A présent, je mets en place un projet pensé depuis près d'une décennie, dans un village où je vais tenter d'accorder ma vie à "ces temps".
Tout cela me semble surréaliste.
Quels que soient vos choix, j'espère que vous ne cesserez jamais d'écrire.
Bien à vous,
L.

Olivier Brugerie a dit…

Je vous réponds avec plus d'un mois de retard... Une méchante blessure de surf... Et puis le temps venu d'assumer ce choix, dont je rêve depuis toujours. Je me suis remis à écrire et je vais m'y consacrer à plein temps...
Bien à vous,

Olivier

Anonyme a dit…

Faire de votre rêve une réalité, votre réalité. Je suis admirative, conquise.

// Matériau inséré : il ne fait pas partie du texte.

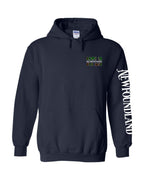 NFLD Saltwater Raised Left Chest and Sleeve Pullover Hoodie - Unisex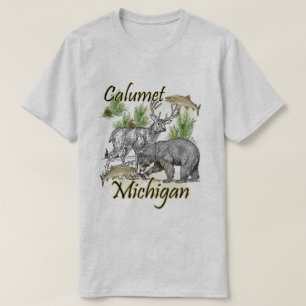 CalumetMI-djurliv T Shirt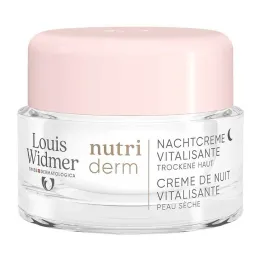 Widmer nutriderm creme noturno Vitalisante l.P., 50 ml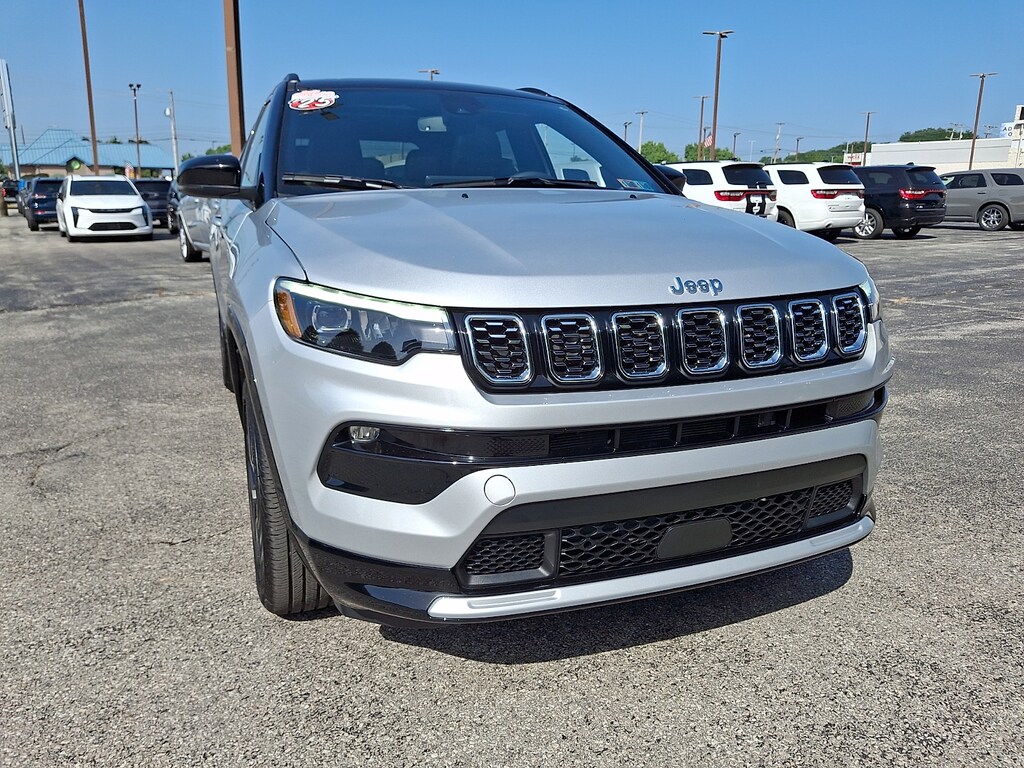 Certified 2025 Jeep Compass Limited 4x4 Sport Utility
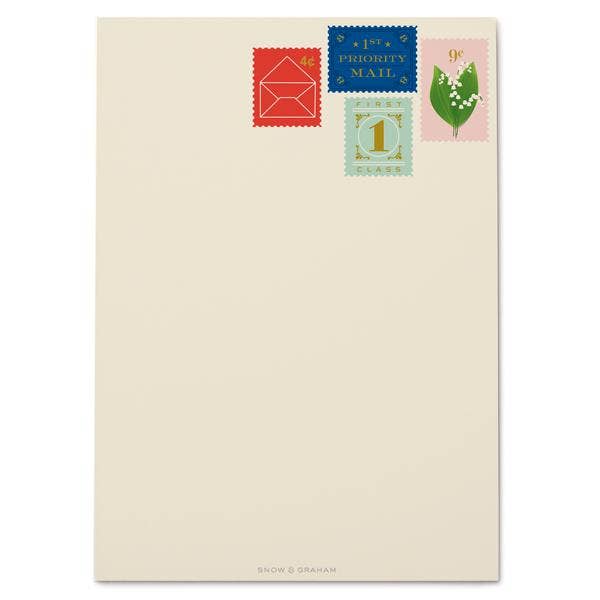 #NP239 Postage Stamp notePAD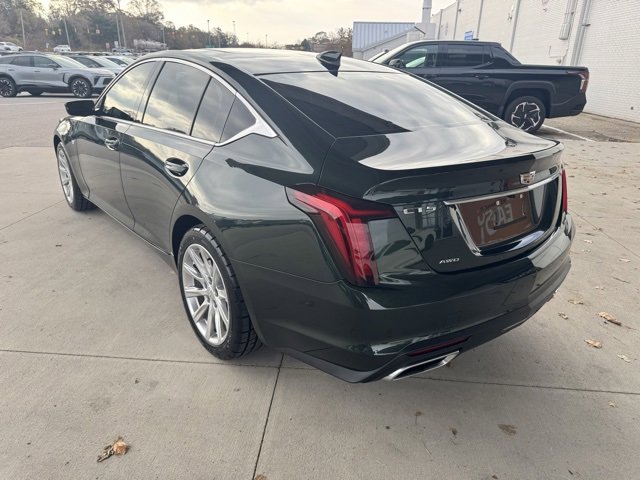 Used 2020 Cadillac CT5 Luxury w/ Sun And Sound Package image 10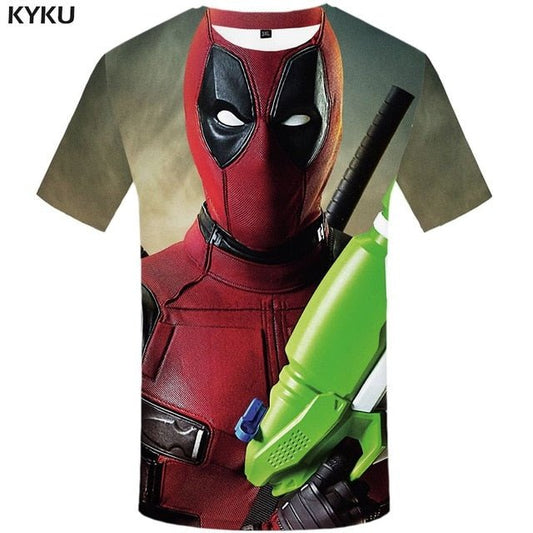 Badass Deadpool T shirt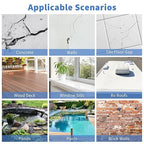 Transparent Waterproof Coating 175 Oz (5 KG), Invisible Waterproof Agent, Water-Based Repairing Leak Water Proof Glue, Indoor & Outdoor Liquid Sealant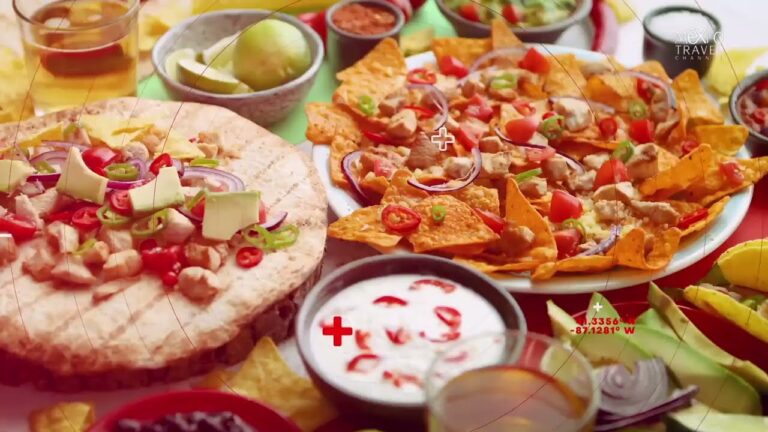 Sabores de la Tradición: Comida Típica de Día de Muertos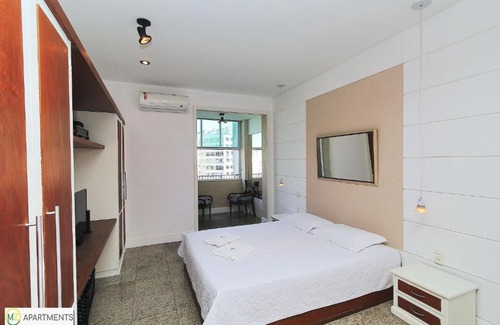 Copacabana Apartment | Bom studio perto da praia em Copacabana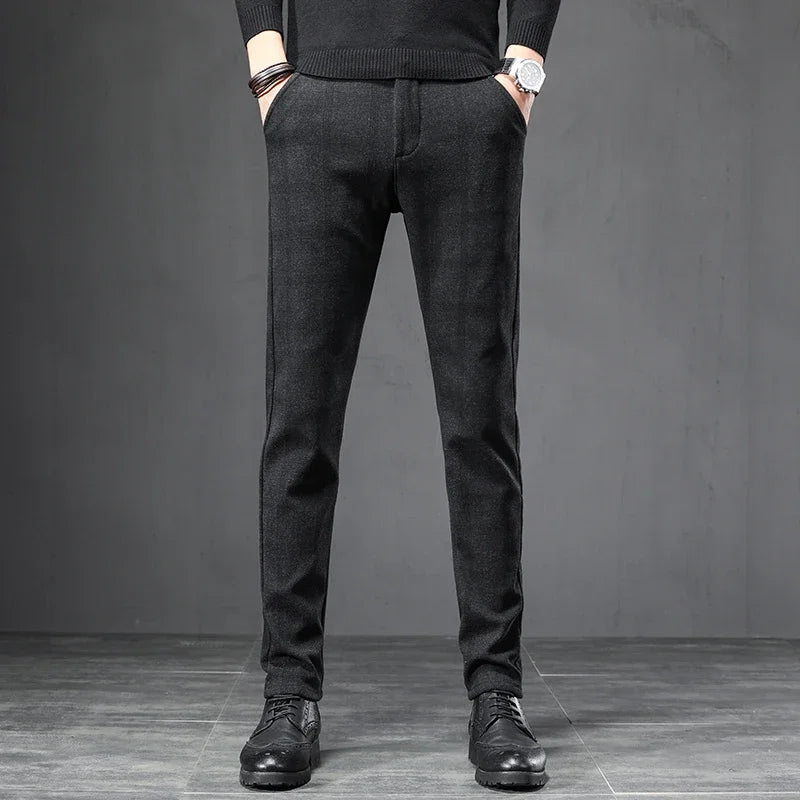 Casual geruite broek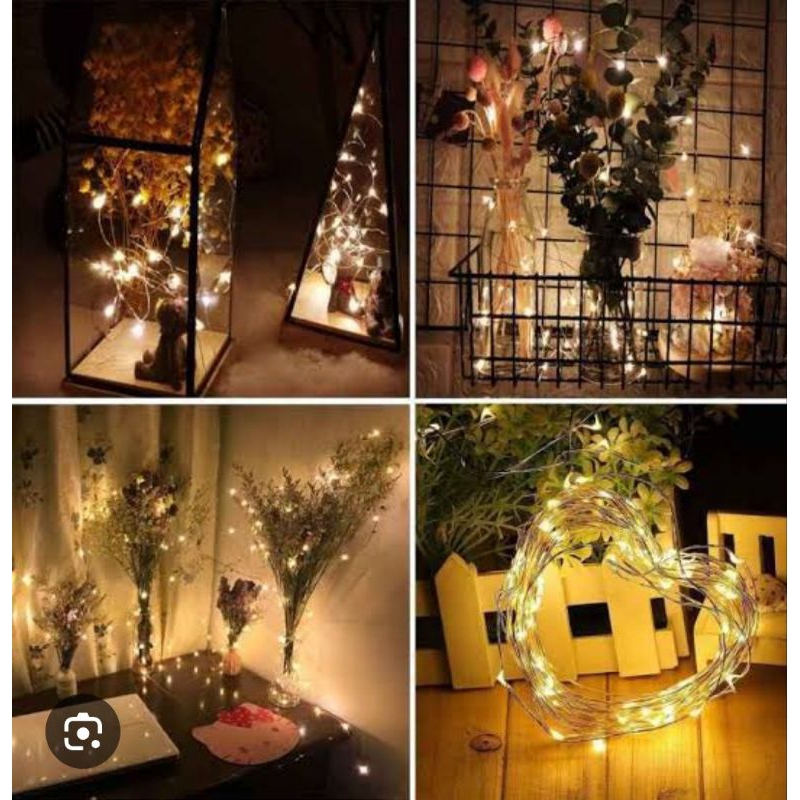 Lampu Kawat Led lampu Hiasan Lampu kawat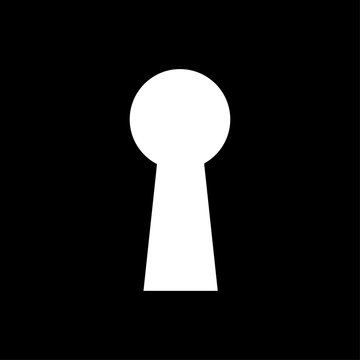 Icon - Schlüsselloch - Passwort - Sicherheit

Je sais que l'écriture sera superbe. Aucun doute là-dessus.
Le moment venu, je serai très heureuse d'acheter votre livre. Je sais qu'il sera excellent. Une fois encore, aucun doute là-dessus.
Je sais qu'il me faudra être patiente. Peu importe le temps. Vous vivez votre rêve. Vous devez être heureux, avoir trouvé une certaine sérénité. En tout cas je l'espère. J'espère aussi que ce méchant accident de surf n'est plus qu'un mauvais souvenir. Prenez bien soin de vous. Écrivez. Soyez heureux et le moment venu, régalez nous d'un ouvrage exceptionnel.
Bien à vous, L.
PS : vos retours m'ont manqué...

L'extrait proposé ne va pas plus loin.